Le gouvernement Nétanyahou devra-t-il enrôler les juifs ultraorthodoxes dans l’armée d’Israël?

Le gouvernement israélien est engagé jeudi dans une course contre la montre pour trouver un compromis et répondre à la Cour suprême sur la conscription des ultraorthodoxes, un dossier épineux pour la coalition du premier ministre Benjamin Nétanyahou.

La Cour suprême, saisie de plusieurs appels exigeant une conscription immédiate des ultraorthodoxes, afin de respecter les lois sur l’égalité entre les citoyens, avait donné jusqu’à mercredi au gouvernement pour formuler une proposition détaillée de projet de loi.

En Israël, le service militaire est obligatoire, mais les juifs ultraorthodoxes (« haredim » en hébreu) peuvent échapper à la conscription s’ils consacrent leur temps à étudier les textes sacrés du judaïsme, une exemption instaurée à la création de l’État d’Israël en 1948 et qui n’a jamais été changée depuis.

Compte tenu de la sensibilité de cette question qui a rouvert une fracture profonde dans le pays, la coalition gouvernementale dirigée par M. Nétanyahou n’est pas parvenue à un accord en raison de l’opposition des partis ultraorthodoxes qui ne veulent pas entendre parler de conscription.

La demande du gouvernement de bénéficier de quelques heures supplémentaires, jusqu’à 12 h GMT jeudi, pour remettre sa réponse à la Cour suprême, semble indiquer que les différentes parties cherchent à trouver un compromis.

La procureure générale Gali Baharav-Miara, dont le rôle est de conseiller le gouvernement sur les questions juridiques et de le représenter devant les juridictions judiciaires, a jeté un pavé dans la mare mercredi soir en annonçant que le gouvernement aurait l’obligation de procéder à la conscription des ultraorthodoxes à partir du 1er avril en raison d’un vide juridique.

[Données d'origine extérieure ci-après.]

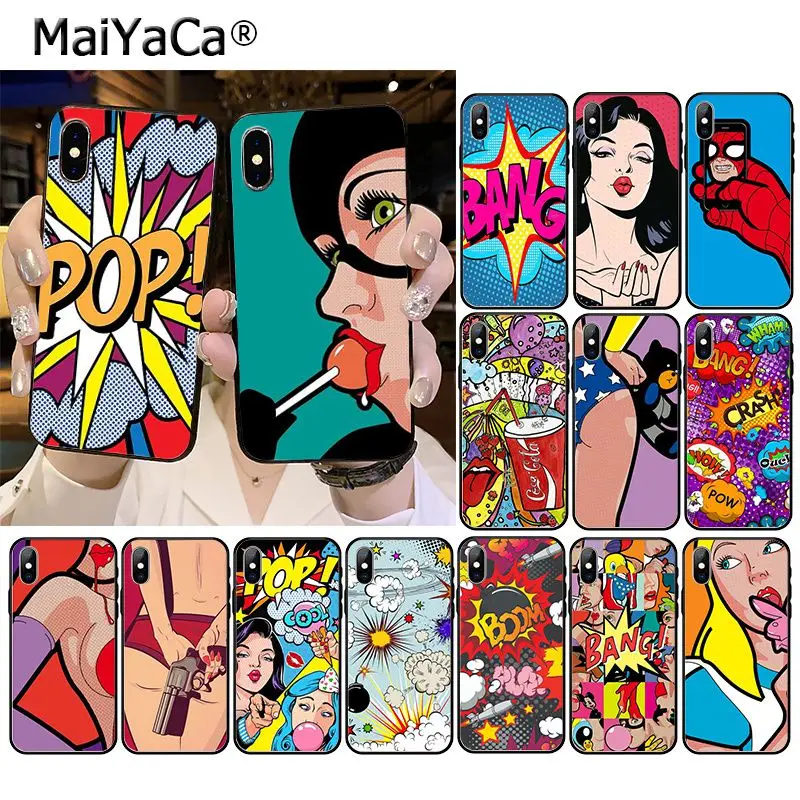 MaiYaCa с принтом &quotпоп арт&quot Bang чехол для телефона аксессуары iPhone 11 Pro XS MAX XR 8 7 6 Plus 5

Au moment où Israël est en guerre contre le mouvement islamiste palestinien Hamas à Gaza depuis bientôt six mois, cette exemption est de plus en plus critiquée au sein de la société, dont une partie estime que les juifs ultraorthodoxes devraient comme les autres apporter leur contribution à la sécurité du pays et faire leur service militaire.

La coalition gouvernementale de M. Nétanyahou repose largement sur l’alliance avec les deux grands partis ultraorthodoxes, Shass et Judaïsme unifié de la Torah, farouchement opposés à la conscription des haredim. Leur défection ferait tomber la coalition.

Défi d’un ministre

En mai 2023, le gouvernement a voté pour les écoles talmudiques (yeshivot) un budget sans précédent de près d’un milliard d’euros (1,47 milliard de dollars canadiens).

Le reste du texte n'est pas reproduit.